1)Why does the pain radiate to the upper thigh?

Could be for any number of reasons. Let's come back to that question after we chat back and forth a few times.


2) Exercise or Rest while icing?

I recommend -movement-. And there's something of a balance to achieve. You want to keep the structures moving, even if it's just a tiny bit of shortness and length.

Rest is fine, immobilization is bad. I wouldn't exercise per se, but I would keep moving.

This can look like just contracting your quads and then hamstrings a few times, several sets a day. Or reaching down and punching/pounding on/shaking the quad muscles.

Keep it moving. Lots of good reasons. (I'm making a note to make a long page to answer this important question.)

Walking, light stretching, a slow bike. You want to pay attention, and make sure you are using your structures without straining or putting too much load on your presently acutely unhappy structures.

Make sense?


3) Tendon repair can take up to 9 months. Why does icing reduce healing time?

Now that is an interesting topic. 9 months to repair tenodonitis? Or a rip or tear? Or just for pain to go away?

It really all depends on how much actual damage there is, if any.

My suspicion with you is that you didn't actually -injure- yourself.

I think you had an increasing Pain Causing Dynamic that had been building up and making changes under the surface of the skin, your body compensating for it as best it could, and then you went past a threshold with that last workout, and BAM! you entered a whole new dynamic.

The Tendonitis dynamic consists of increasing tightness, irritation, pain, and can include actual tendon fiber damage.

Maybe you have actual wear and tear damage to the tendon, but that's not going to take 9 months to heal. If your nutrition is good enough, that heals fast.

But you are still left with chronically too tight muscles, shortened constrictive connective tissue, pain enhancing chemical flooding the tissue from the Inflammation Process, and a freaked out nervous system that thinks you are injured (You've been in pain since February, you must be injured!) and is trying to protect you....by tightening your muscles, keeping an inflammation process in place, both of which make you hurt more....which makes your nervous sustem think that you are injured, which makes it....

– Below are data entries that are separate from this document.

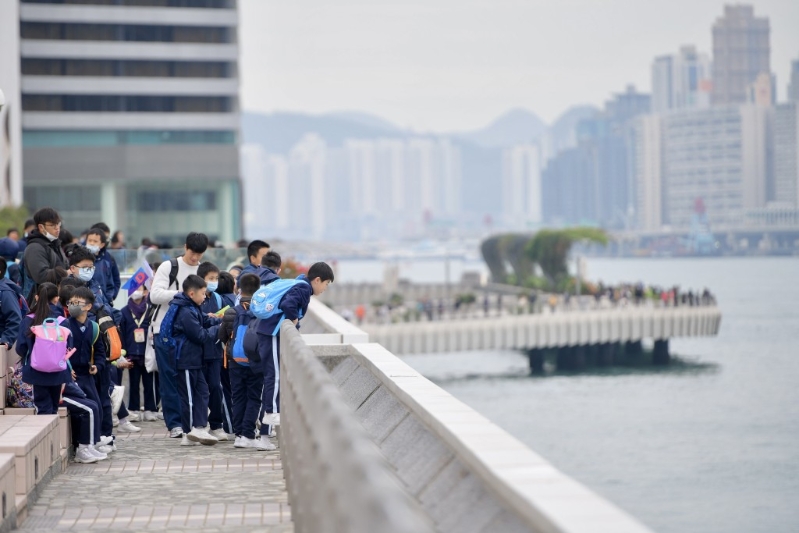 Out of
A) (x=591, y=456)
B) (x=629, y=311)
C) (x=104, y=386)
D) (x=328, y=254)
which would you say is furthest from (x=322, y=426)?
(x=328, y=254)

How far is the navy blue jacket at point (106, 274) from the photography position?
13.3m

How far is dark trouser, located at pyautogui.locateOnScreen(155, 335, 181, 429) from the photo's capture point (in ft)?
41.5

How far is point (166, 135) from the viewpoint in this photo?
88250mm

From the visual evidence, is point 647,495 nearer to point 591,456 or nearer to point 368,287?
point 591,456

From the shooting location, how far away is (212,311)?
12.6 metres

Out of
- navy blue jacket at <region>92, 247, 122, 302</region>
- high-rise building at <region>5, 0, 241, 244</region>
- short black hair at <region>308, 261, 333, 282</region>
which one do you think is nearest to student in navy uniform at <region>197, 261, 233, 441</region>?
navy blue jacket at <region>92, 247, 122, 302</region>

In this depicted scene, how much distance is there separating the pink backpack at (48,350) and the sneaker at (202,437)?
2148 mm

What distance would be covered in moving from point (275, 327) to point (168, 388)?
220 cm

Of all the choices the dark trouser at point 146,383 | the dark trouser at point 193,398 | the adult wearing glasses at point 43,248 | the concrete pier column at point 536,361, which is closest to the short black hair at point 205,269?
the dark trouser at point 193,398

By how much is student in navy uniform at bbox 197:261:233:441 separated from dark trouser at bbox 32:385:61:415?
1.96 meters

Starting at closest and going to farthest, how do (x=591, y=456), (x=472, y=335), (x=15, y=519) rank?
1. (x=15, y=519)
2. (x=591, y=456)
3. (x=472, y=335)

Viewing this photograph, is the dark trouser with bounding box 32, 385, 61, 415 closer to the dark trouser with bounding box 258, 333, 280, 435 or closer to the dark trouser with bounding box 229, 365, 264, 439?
the dark trouser with bounding box 258, 333, 280, 435

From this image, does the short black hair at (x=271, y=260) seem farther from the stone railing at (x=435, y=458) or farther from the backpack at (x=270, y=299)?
the stone railing at (x=435, y=458)

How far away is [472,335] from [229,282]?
6049 cm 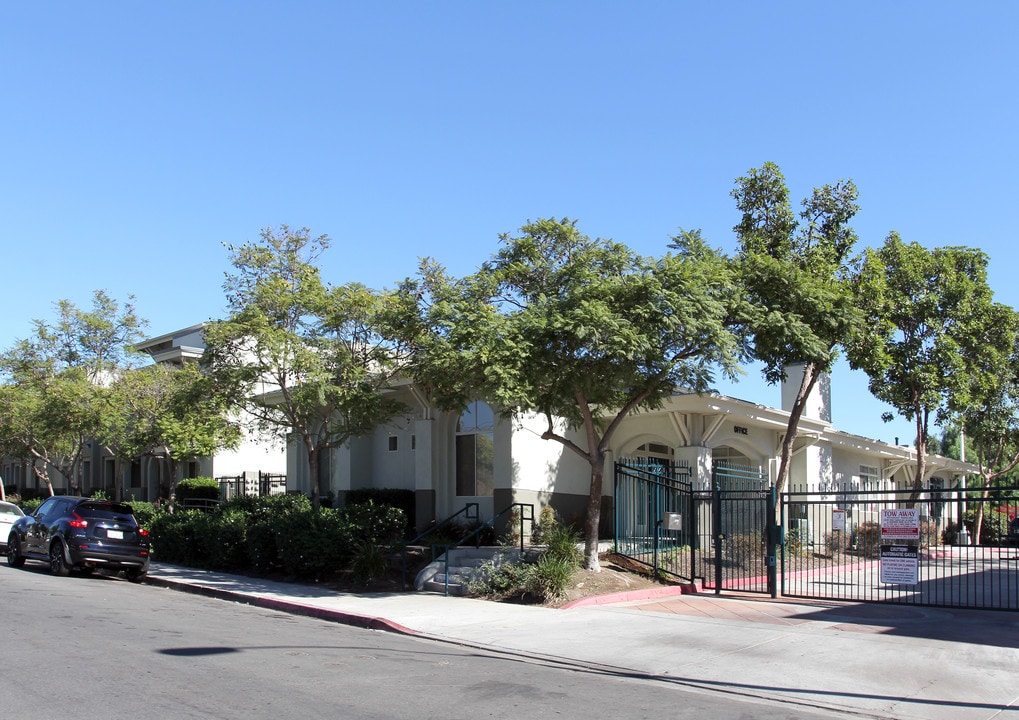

So, icing helps because it gets waste product and pain enhancing chemical out, new blood and nutrition in, which helps muscles relax and literally reduces the pain in the structure, then the nervous system isn't getting so much 'I'm injured' signals from the body, so it can start turning down the protective dial.

Icing as I describe is, in my experience, much more effective than the common ice pack routine.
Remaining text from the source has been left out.